LEGEND

The Shoulder-blade of St Joseph

THERE WAS A man called Paulu, of the clan of Kalaz, being second cousin to the Kas, though his mother was a Bulgar. He came to the Kas and said, ‘See, Lash the Golden is swaggering round our camp. His grandfather killed my grandfather, who was your own grandfather’s brother, by the Iron Gates and threw his body in the river. My grandfather’s spirit moans to me in my dreams, asking how I can endure the shame.’

The Kas Kalaz said, ‘That feud is frozen. I have sworn on the shoulder-blade of St Joseph that while Turk abides on the soil of Varina we will do no harm to Lash.’

Paulu said, ‘Not so. That oath was fulfilled many years ago, when we drove the Turk away. Did not Lash himself know this and flee? Have you re-sworn the oath since he returned?’

‘I have not,’ said the Kas Kalaz.

‘So is the feud frozen, or is it not?’ said Paulu. ‘Tell me, and I will abide by your judgement, for you are the Kas.’

Then the Kas Kalaz looked at him sideways and said nothing, for he too had heard the spirit of his great-uncle moaning in his dreams.

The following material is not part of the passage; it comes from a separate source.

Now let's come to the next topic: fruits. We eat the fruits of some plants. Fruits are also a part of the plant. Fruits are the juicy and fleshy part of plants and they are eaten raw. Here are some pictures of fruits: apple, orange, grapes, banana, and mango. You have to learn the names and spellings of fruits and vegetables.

Then Lash the Golden came to Restaur Vax and said, ‘The men of Kalaz look at me with bullets in their eyes, though they have taken oath on the shoulder-blade of St Joseph that our feud is frozen.’

So Restaur Vax took thought and saw what was in the hearts of the Kas and his clan, and gathered his chieftains and said, ‘Selim is come, and Varina is in such peril as she has not seen since the days of the Red Serpent.1 We have no time for feuds or thoughts of feuds. Let us travel then to Riqui and renew our oaths on the shoulder-blade of St Joseph.’

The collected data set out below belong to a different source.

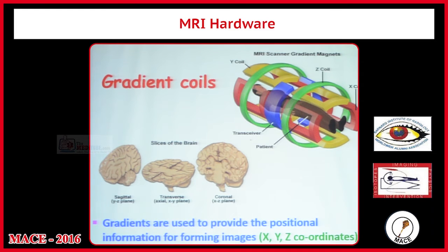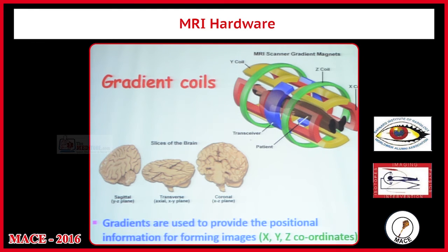If you take any coordinate, for example the gallbladder — from the cranial side what is the distance, from the right side what is the distance, from the anterior side what is the depth — that gives you X, Y, Z coordinates. These three coordinates have to be defined, and they are defined with the help of gradient coils.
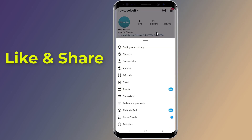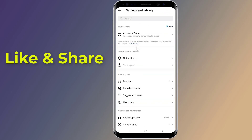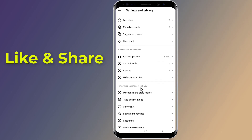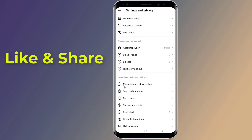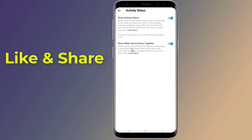Tap the menu item that says Settings and Privacy, then click Messages and Story Replies. Next, click Activity Status. Once you reach the Show Activity Status option, toggle it off and you are done.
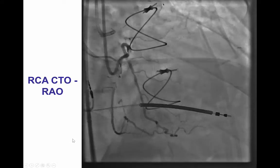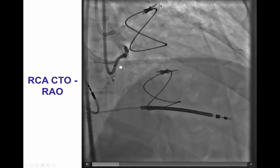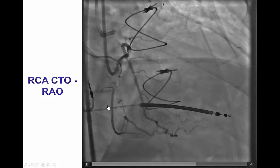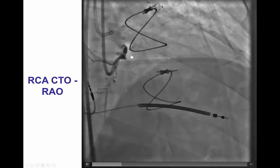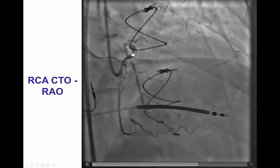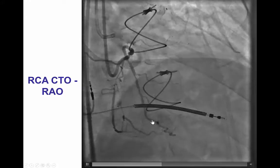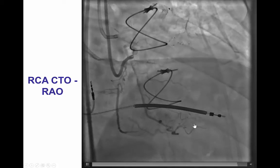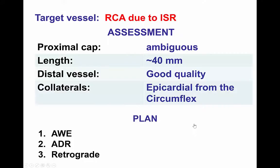In the RAO view, we see the same characteristics. There is an ambiguous proximal cap and good quality distal vessel. There is also a very large early conus branch that courses all the way to the inferior wall and essentially acts as a second PDA.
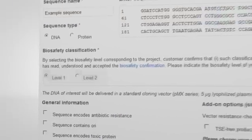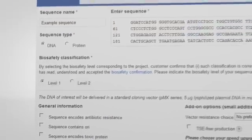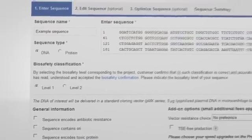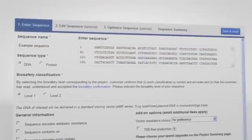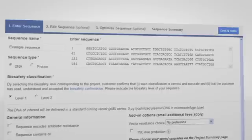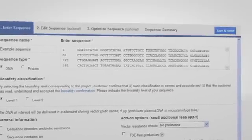Select the biosafety level for your project. You are now finished and you can proceed by clicking the save and close button.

But the man Paulu, hearing this, went swiftly by night, journeying by goat-paths and the paths of the hunter, and found the priest of Riqui at his midnight prayers and crept up behind him and put a dagger to his throat and said, ‘Do what I say and tell no man, or the manner of your death will be remembered through seven generations.’

He made the priest lie in a chest and closed the lid so that he should not see. Then he took the shoulder-blade of St Joseph from its reliquary and replaced it with that of a dog, which he had found by the way as he travelled, and released the priest and threatened him once more.

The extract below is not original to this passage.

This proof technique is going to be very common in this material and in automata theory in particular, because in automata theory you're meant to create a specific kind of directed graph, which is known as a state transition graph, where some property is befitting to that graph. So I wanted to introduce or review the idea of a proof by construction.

The priest knew well that some sacrilege had been committed, but said nothing when the chiefs came to Riqui, for he was afraid. Thus it was that the Kas Kalaz and the other chieftains swore their new oath not on the shoulder-blade of St Joseph but on that of a dog.

When it was finished the man Paulu went to the Kas Kalaz and told him what he had done and asked him again, saying, ‘Tell me, is the feud frozen, or is it not?’

The Kas Kalaz crossed himself, but looked sideways at the man Paulu and said, ‘For myself, I do not know. But let no shame fall on my house.’

1 Nothing is known about the Red Serpent. This is the only reference to the creature in the surviving literature.